But one thing must be clear: There is not a shred of racism in a law stating that an organization set up to purchase lands for Jews is entitled to do so. The State of Israel has traveled too long a road from the moment when then-ambassador to the United Nations, Chaim Herzog, tore up the General Assembly resolution stating that Zionism is racism until today, when some think that realizing the JNF's goals constitutes racism.

Parts of this road were undoubtedly positive, including the enactment of basic laws and the recognition of human rights. Now the time has come to pause and ask whether we are not forgetting that Zionism is also a value, and it, too, has rights.

Binyamin Ze'ev (Theodor) Herzl founded the JNF 106 years ago for precisely this purpose: buying land for the Jewish people. Since then, the organization has existed on the profits from this land and on donations from the Jewish people. The JNF is a private organization that is not funded by the state, and yet never ceases to benefit the state through its reforestation and development work.

True, the situation has changed since Herzl's day. Today, the Jews are a majority in this land, not a minority, and the Israel Lands Administration holds more than 90 percent of Israel's lands, including the 11 percent owned by the JNF. And, even more importantly, there is much greater awareness today of the value of equality.

With regard to lands for the Arab Israelis, this awareness of equality is still theoretical, and Israel's actual policies are shameful.

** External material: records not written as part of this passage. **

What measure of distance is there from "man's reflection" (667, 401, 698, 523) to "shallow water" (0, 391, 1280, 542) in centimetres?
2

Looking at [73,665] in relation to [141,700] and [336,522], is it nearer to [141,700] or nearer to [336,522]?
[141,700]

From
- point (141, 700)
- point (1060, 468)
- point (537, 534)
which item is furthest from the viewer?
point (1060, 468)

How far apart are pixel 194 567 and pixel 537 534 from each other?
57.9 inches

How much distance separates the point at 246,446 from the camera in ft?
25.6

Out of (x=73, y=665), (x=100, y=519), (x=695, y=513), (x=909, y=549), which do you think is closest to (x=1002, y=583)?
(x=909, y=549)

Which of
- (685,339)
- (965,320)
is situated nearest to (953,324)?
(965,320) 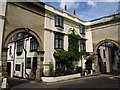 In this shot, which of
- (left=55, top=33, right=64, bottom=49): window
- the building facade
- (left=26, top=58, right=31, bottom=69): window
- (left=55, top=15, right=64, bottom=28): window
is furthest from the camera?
(left=26, top=58, right=31, bottom=69): window

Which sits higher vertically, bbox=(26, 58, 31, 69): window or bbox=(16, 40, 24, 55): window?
bbox=(16, 40, 24, 55): window

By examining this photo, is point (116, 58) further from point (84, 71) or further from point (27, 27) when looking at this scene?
point (27, 27)

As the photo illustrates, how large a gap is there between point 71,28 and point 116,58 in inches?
681

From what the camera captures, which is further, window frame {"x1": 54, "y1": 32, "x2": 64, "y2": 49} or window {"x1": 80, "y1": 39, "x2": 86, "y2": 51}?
window {"x1": 80, "y1": 39, "x2": 86, "y2": 51}

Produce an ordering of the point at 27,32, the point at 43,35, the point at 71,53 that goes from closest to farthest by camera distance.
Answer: the point at 27,32
the point at 43,35
the point at 71,53

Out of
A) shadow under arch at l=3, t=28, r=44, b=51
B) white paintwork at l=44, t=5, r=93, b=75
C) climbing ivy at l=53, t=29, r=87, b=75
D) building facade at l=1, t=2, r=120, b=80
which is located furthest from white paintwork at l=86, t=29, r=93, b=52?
shadow under arch at l=3, t=28, r=44, b=51

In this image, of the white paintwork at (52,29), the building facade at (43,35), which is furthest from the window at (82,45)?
the white paintwork at (52,29)

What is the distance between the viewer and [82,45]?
24.0 meters

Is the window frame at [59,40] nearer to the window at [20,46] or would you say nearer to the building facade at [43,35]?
the building facade at [43,35]

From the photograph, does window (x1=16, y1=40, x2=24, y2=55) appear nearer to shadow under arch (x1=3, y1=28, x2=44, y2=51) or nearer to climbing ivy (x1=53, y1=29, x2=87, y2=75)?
shadow under arch (x1=3, y1=28, x2=44, y2=51)

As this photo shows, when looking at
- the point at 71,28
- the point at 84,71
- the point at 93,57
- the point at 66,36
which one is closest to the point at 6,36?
the point at 66,36

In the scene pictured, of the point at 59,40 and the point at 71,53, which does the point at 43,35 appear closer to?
the point at 59,40

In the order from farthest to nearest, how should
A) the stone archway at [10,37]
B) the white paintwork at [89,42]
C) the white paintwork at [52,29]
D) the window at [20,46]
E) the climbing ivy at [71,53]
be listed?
the white paintwork at [89,42], the window at [20,46], the climbing ivy at [71,53], the white paintwork at [52,29], the stone archway at [10,37]

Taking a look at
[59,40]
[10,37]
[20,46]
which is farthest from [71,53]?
[10,37] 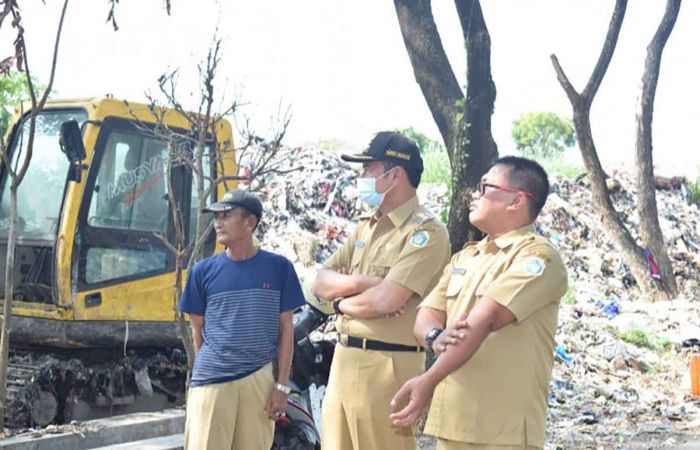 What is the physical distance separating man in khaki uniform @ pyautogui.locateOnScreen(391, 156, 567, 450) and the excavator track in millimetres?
4147

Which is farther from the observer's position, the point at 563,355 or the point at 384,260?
the point at 563,355

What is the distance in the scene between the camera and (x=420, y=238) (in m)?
4.25

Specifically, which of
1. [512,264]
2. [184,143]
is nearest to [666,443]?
[184,143]

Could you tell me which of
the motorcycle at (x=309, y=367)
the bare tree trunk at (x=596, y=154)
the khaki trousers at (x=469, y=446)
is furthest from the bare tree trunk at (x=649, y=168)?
the khaki trousers at (x=469, y=446)

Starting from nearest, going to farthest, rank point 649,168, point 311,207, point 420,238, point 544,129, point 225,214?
point 420,238 < point 225,214 < point 649,168 < point 311,207 < point 544,129

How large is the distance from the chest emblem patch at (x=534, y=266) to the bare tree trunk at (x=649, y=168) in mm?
12759

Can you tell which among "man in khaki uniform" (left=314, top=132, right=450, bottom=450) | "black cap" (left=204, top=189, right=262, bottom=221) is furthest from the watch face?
"black cap" (left=204, top=189, right=262, bottom=221)

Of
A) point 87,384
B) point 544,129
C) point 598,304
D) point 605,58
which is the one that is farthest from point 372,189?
point 544,129

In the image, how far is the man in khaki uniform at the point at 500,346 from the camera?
317 centimetres

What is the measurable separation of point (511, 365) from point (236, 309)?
5.04ft

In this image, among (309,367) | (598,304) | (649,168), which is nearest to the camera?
(309,367)

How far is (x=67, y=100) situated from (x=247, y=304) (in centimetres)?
371

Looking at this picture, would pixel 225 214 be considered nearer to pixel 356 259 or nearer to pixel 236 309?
pixel 236 309

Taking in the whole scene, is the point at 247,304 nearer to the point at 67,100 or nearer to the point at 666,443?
the point at 67,100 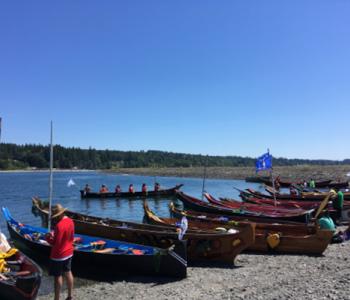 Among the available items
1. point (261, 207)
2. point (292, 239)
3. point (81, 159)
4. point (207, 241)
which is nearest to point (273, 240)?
point (292, 239)

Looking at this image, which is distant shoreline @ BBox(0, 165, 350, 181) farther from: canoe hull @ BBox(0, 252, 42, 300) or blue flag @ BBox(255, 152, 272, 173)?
canoe hull @ BBox(0, 252, 42, 300)

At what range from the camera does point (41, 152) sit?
166 m

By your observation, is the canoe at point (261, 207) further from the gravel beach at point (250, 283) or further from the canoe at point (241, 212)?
the gravel beach at point (250, 283)

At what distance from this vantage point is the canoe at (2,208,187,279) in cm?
1145

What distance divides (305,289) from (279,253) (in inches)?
178

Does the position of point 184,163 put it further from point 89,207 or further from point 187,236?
point 187,236

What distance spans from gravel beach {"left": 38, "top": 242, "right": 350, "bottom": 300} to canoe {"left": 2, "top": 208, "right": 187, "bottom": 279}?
39 cm

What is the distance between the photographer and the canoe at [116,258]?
37.6ft

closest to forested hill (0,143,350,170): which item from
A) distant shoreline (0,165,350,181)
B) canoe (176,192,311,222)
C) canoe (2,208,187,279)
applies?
distant shoreline (0,165,350,181)

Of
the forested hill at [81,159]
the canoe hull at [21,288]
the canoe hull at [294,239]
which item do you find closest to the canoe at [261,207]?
the canoe hull at [294,239]

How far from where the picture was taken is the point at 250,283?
1043cm

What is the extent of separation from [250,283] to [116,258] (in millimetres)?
4169

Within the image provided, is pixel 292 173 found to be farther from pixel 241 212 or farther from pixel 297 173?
pixel 241 212

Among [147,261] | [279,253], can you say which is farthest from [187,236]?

The state should be establishing new Arab cities, allocating land for new neighborhoods and industrial zones in existing towns and cities, finally reaching an agreement with the Bedouin over their lands, recognizing the unrecognized villages and allowing them the planning and development needed to turn them into genuine villages.

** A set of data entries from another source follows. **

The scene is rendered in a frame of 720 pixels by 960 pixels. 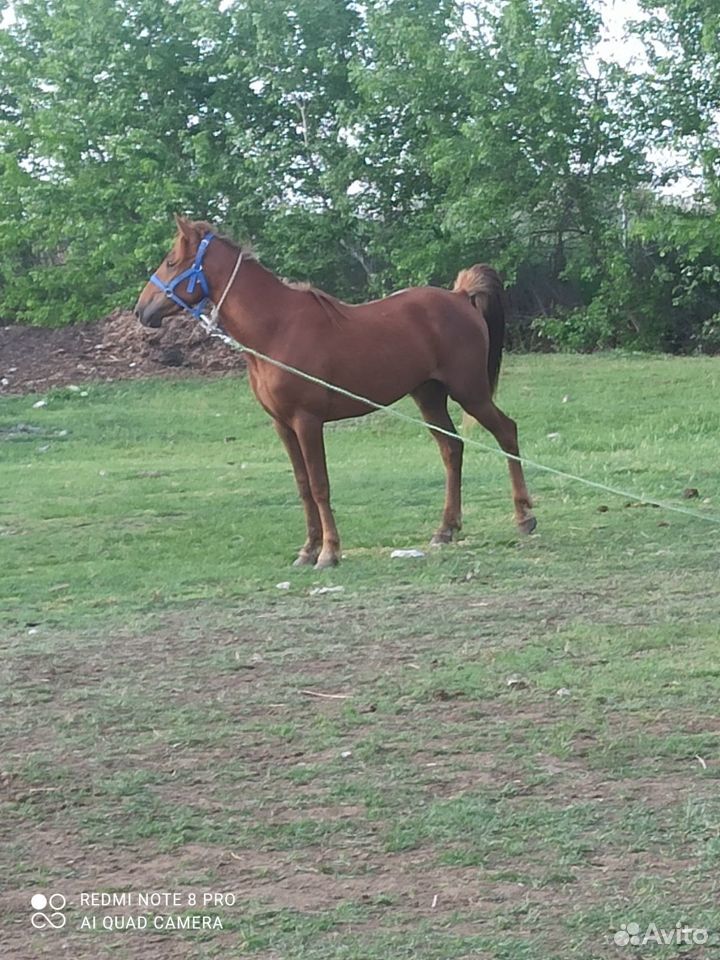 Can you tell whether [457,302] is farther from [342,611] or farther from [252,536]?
[342,611]

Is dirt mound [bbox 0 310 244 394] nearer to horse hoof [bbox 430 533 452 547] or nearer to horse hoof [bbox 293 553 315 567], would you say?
horse hoof [bbox 430 533 452 547]

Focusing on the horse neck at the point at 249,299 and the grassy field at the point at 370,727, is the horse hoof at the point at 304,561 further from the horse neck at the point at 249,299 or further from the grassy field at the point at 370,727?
the horse neck at the point at 249,299

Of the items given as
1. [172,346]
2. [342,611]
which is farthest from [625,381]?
[342,611]

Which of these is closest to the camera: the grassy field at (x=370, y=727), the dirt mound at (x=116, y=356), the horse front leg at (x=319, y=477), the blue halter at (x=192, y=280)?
the grassy field at (x=370, y=727)

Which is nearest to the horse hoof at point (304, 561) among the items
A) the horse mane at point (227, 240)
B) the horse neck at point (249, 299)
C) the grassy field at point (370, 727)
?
the grassy field at point (370, 727)

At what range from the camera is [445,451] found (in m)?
9.07

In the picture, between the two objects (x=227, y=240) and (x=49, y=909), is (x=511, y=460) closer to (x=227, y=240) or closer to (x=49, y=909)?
(x=227, y=240)

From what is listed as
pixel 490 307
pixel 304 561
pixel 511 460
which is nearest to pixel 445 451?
pixel 511 460

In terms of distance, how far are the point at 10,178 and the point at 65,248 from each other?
1.67m

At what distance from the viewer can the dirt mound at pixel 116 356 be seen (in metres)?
19.8

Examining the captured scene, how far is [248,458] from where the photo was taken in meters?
13.9

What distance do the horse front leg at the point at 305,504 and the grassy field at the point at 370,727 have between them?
154mm

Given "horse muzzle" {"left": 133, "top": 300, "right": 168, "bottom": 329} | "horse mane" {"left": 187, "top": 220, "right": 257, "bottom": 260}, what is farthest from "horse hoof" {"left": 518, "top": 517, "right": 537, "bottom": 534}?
"horse muzzle" {"left": 133, "top": 300, "right": 168, "bottom": 329}

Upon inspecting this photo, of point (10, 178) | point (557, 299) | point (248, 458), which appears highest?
point (10, 178) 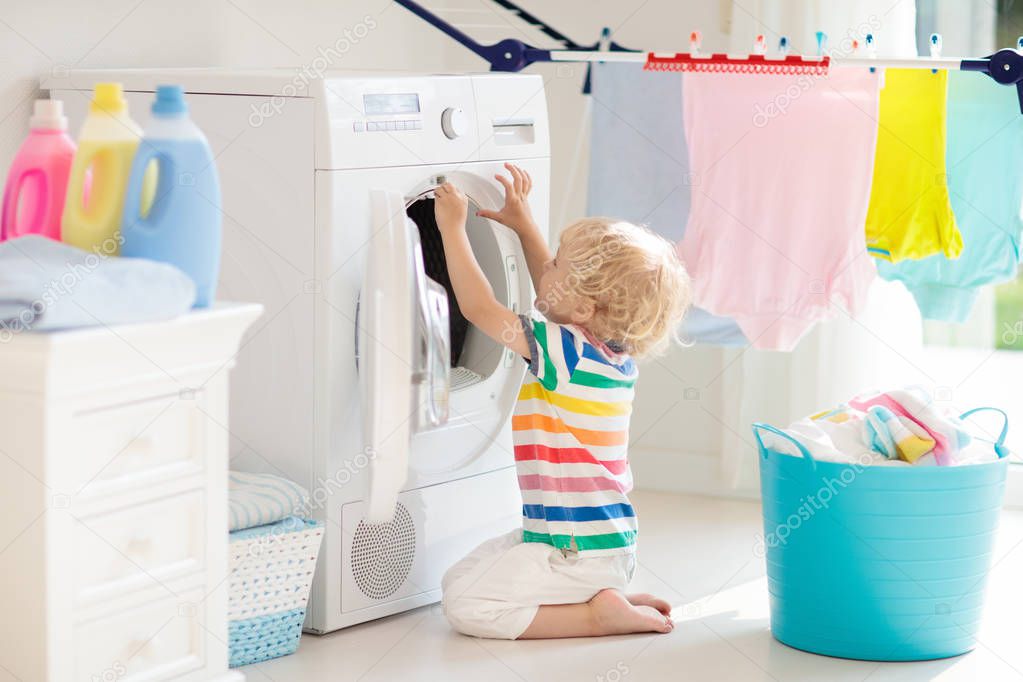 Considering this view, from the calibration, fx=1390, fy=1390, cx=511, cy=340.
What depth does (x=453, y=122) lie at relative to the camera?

But all of these things can be done via the more than 80 percent of state lands the ILA owns, without requiring the JNF to abandon the vision it was given by the founders of Zionism. If there is need for JNF land, territory can be swapped. If the procedure for conducting land swaps is too complicated, it can be simplified. It is possible, for instance, to state that in the event of a dispute over compensation, the land would be transferred immediately, and the dispute would go to mediation. Land swaps would also enable Arabs to participate in tenders for JNF lands.

The JNF is not the main obstacle, or even a partial obstacle, to a policy of equal land allocations. The obstacle is the Israeli leadership, which believes in perpetuating the discrimination. Even if the High Court of Justice rules that JNF lands may not be earmarked for Jews only, it will not lead to any substantive change. Some things require a shift in consciousness, and that is beyond the High Court's capabilities.

But the petitions against the JNF pose a symbolic question that is no less important than the practical outcome: Does the Zionist movement have the right to buy lands for the sake of the Jewish people and the Zionist vision? The answer to this question must be yes. There should be no decision on the JNF crisis, by either the court or the Knesset. What is needed is a new pact between the JNF and the state, which would recognize both the right to equality and the rights of Zionism.